A former Deputy Fiance Minister under the Kufuor government, Mr Kwaku Agyeman-Manu said the government did not want to give the NPP credit and accept that the NDC's strident opposition to Ghana going HIPC was ill-advised.

The NDC government, according to the NPP, last year received GH¢298 million and has so far this year received GH¢313 million as HIPC benefits.

While not confirming the figures, Fifi Kwetey admitted that the government was making some money from the HIPC initiative.

“As part of the HIPC initiative, the nation benefited from what you call a debt relief which in total was about $4 billion. Before the HIPC programme, the debt was at about $6 billion and as a result of the HIPC, about $4 billion was removed. Now that amount of money which was removed was not literally dropped into our coffers in total. The agreement was that it will be dropped into the national budget on a yearly basis and it will go into social alleviation effort,” he told Nii Akrofi Smart Abbey, host of Friday's Joint Caucus.

“It is a fact,” he maintained, that “that debt relief will continue affecting the nation's budget on a yearly basis.”

A youth activist of the People's National Convention (PNC), Mr Abu Ramadan, who was guest on the show accused the Deputy Finance Minister of avoiding answering the question as to whether government was benefiting from HIPC directly.

That he said was because Mr Kwetey didn't want “to concede that the HIPC programme was and has been beneficial to the people of this country considering the posture they (NDC) took when Kufuor decided to go HIPC.”

He said it was ironic that the NDC which created the conditions necessitating Ghana acceding to HIPC tended to oppose the then government's moves to get the country out of its woes.
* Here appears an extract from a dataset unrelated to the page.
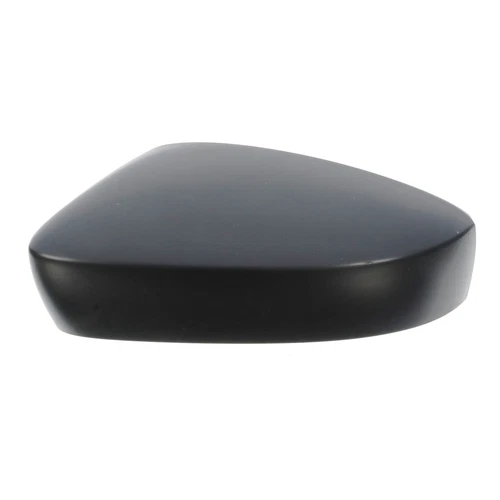 NEW 2011-2014 VW Volkswagen Jetta SEDAN Left Front Driver Mirror Cap Cover OEM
But Mr Fifi Kwetey insisted the HIPC benefits “is the nation's money. I mean. Don't forget it's the nation's money; it's not money that belongs to any particular group or government. So as long as it is the nation's money that was written off, the nation will continue to access it.”
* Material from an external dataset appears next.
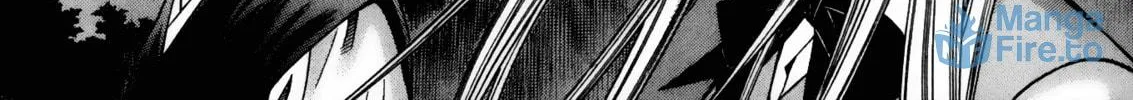 Read Battle Vixens chapter 78 image 29 on Lezhin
Mr. Ramadan however remained unimpressed and accused the governing NDC of continuing in their propaganda which he said brought the party to power. “The NDC doesn't seem to realize that they have moved out of opposition and they are in government because consistently they keep repeating the propaganda they were embarking on when they were in opposition.”

In his view the government and the NDC were using the platform – Majority Caucus - offered them graciously by MultiTV to do propaganda which for him doesn't help the political discourse. He wished the PNC had a similar opportunity, saying the party would use the platform to discuss programmes and useful ideas.

The PNC youth activist, who is also a leading member of the pro opposition pressure group Alliance for Accountable Governance (AFAG), maintained that the governing NDC must mend its ways and desist from the propaganda that it is known for.